Tuesday, September 26, 2006

Thought of the day

Can men and women truly be friends. I used to think so. Now not so sure.
Is it just to complicated. If anyone actually reads this what do you think?

7 Comments:

Anonymous Anonymous said...

Some people say that you can't be friends with members of the other sex. Personally, my male friends are better friends than my female friends. However sometimes i feel that theres a level that cannot be crossed, something that gets held back in my relationships with males.

4:01 AM  
Blogger Suzy said...

Honestly I was told a couple of times that men and women can't truly be friends. I made it my mission to prove that wrong... And I honestly do have a lot of guy friends that I actually trust more than many girlfriends for the simple reason that there is no comparison or competition that can arise between a guy and a girl. However, there has to be a limit as to how close the relationship gets because from my experience, one of the two (the guy or the girl) usually starts developping feelings because they start to consider each other as potential mates and not just buddies. So I guess its all about how close the guy and the girl get but its good to not be too naive and make sure that the line isn't crossed even though the guy might be comfortable with the situation the girl might not be and and not the girl or vice versa. Its good to stay aware.

11:06 AM  
Blogger diogo said...

So, your answers are no. Not unless one is married, in a relationship, gay, or simply unattractive to each other. For if a relationship can't grow or one has to pull back from time to time then whats the point. For two straight friends of the same gender will continue to strengthen their friendship as years go by. It seems that for all of human's logic and development our animalistic nature always comes out.

3:35 PM  
Blogger kristin said...

no, i disagree. the limitations on male/female friendships where both individuals are relatively attractive and both single or not... whatever, are different than the limitations on same sex friendships, but limitations do not intimate that the friendship is not real. we take each other as we come, accept the level of intimacy that can be appropriately reached, integrate each other into our lives as much as possible. that's true with 2 women, 2 men, or 1 man 1 woman.

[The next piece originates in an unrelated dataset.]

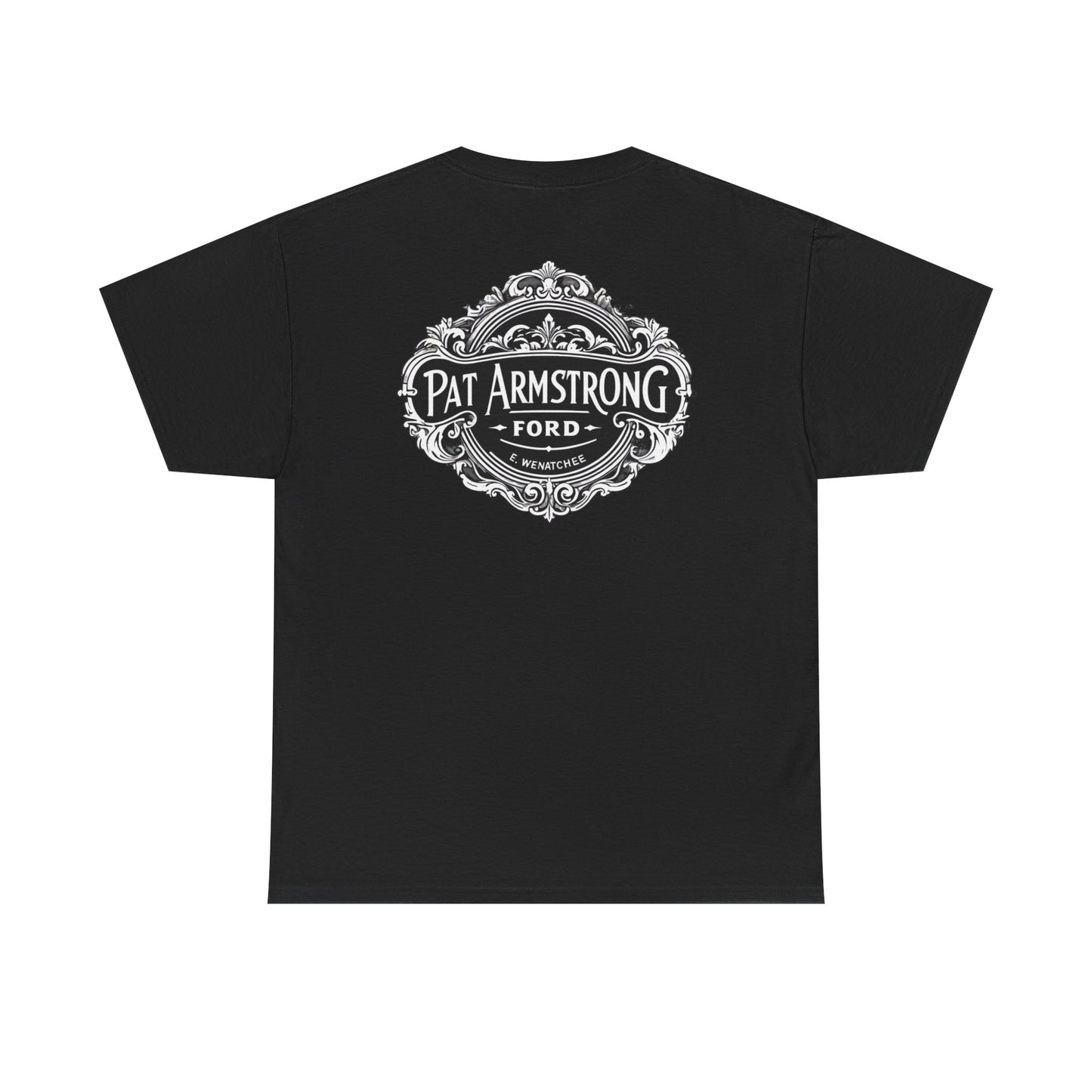 Vintage Style Unisex Heavy Cotton Tee, Graphic Tee, Casual Wear, Gift for Car Lovers, Pat Armstrong Ford Merch, Retro Vibes, Birthday Gift
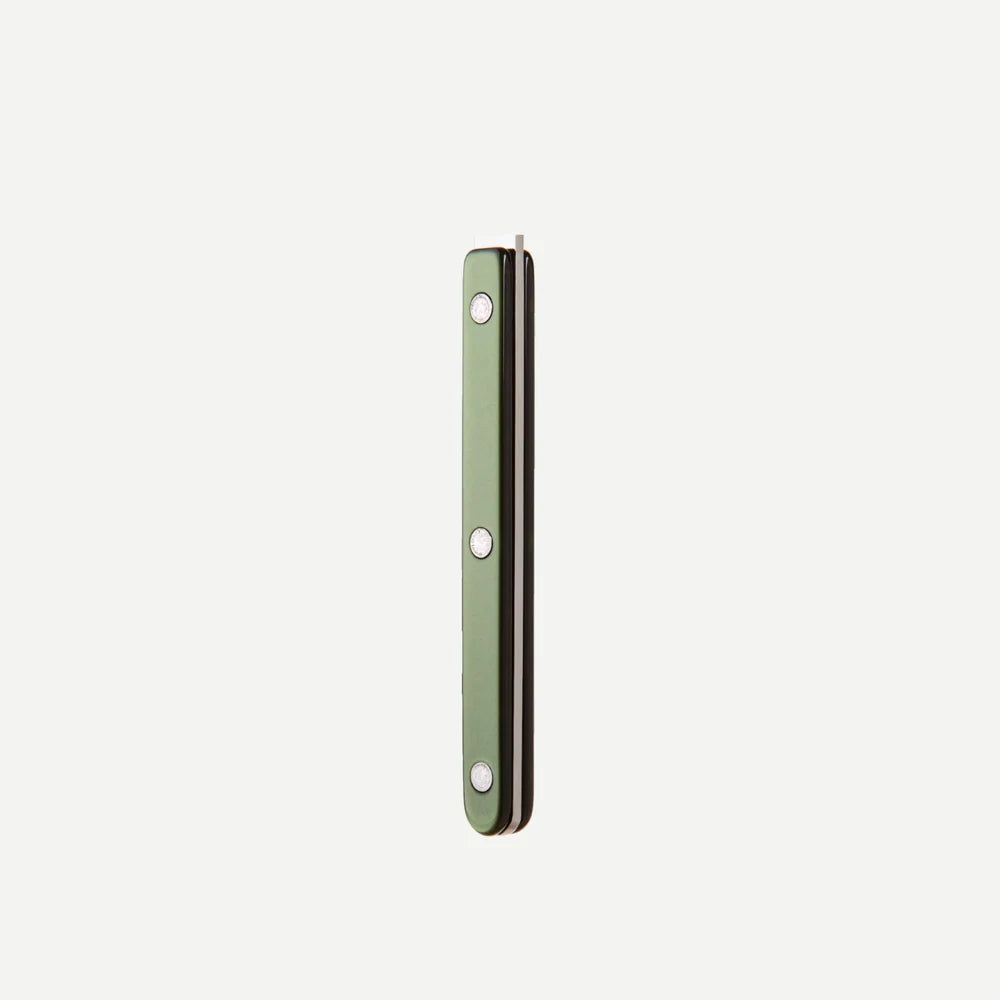 Sabre Butter Spreader Bistro Pearly in Dark Green and Shiny Finish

some of my best friends are men. some of my best friends are women. the relationships are different but they are very true.

8:23 PM  
Blogger Suzy said...

hehehe this is fun !! I haven't been back since I commented. And its cool to see that more was said. I like what you're saying too Kristin the fact that the relationships are different doesn't meant they are not real or true. Like I mentioned on the trust level attractiveness or no I do tend to confide more in my guy friends (does that mean I am closer to them?) and how does one judge closeness. And knowing that a friend of the opposite sex is attracted to you can have different effects on people. Some people choose to ignore it, sometimes it just goes away. Sometimes depending on who else is involved in the "relationship" shyt happens. But this doesn't mean that we cant all be close friends because whether the friends are of the same sex or of opposite sex, how many of those friends do we consider our best friends? People we can talk to without ever wondering about how they will judge us. People we can discuss anything with including things that they are involved in? Real genuine friendships are rare. And I love analyzing certain friendships just to figure out what the two get out of it. why are they still friends? And whether both parties feel the same way about each other! Its quite fascinating! In a weird kind of way these are all grey areas. Its hard to say "yes" or "no" Diogo

9:21 AM  
Blogger diogo said...

Thanks for the input. Quite interesting.

12:47 AM  
Anonymous Anonymous said...

Interesting topic here. Most of my friends are guys - they are easier to talk to, less complicated and surprisingly better listeners.

I have to agree with Kristin... friendships between the same sex is different than friendships with the opposite sex but both are equally real and true. Yes there are lines that shouldn't be crossed but you only become aware of the lines when you're looking for it. When I become close friends with a guy, I don't automatically think, "oh hey he's a guy, i'm a girl, we are friends and here are the rules..." I talk about almost anything to my guy friends and vice versa.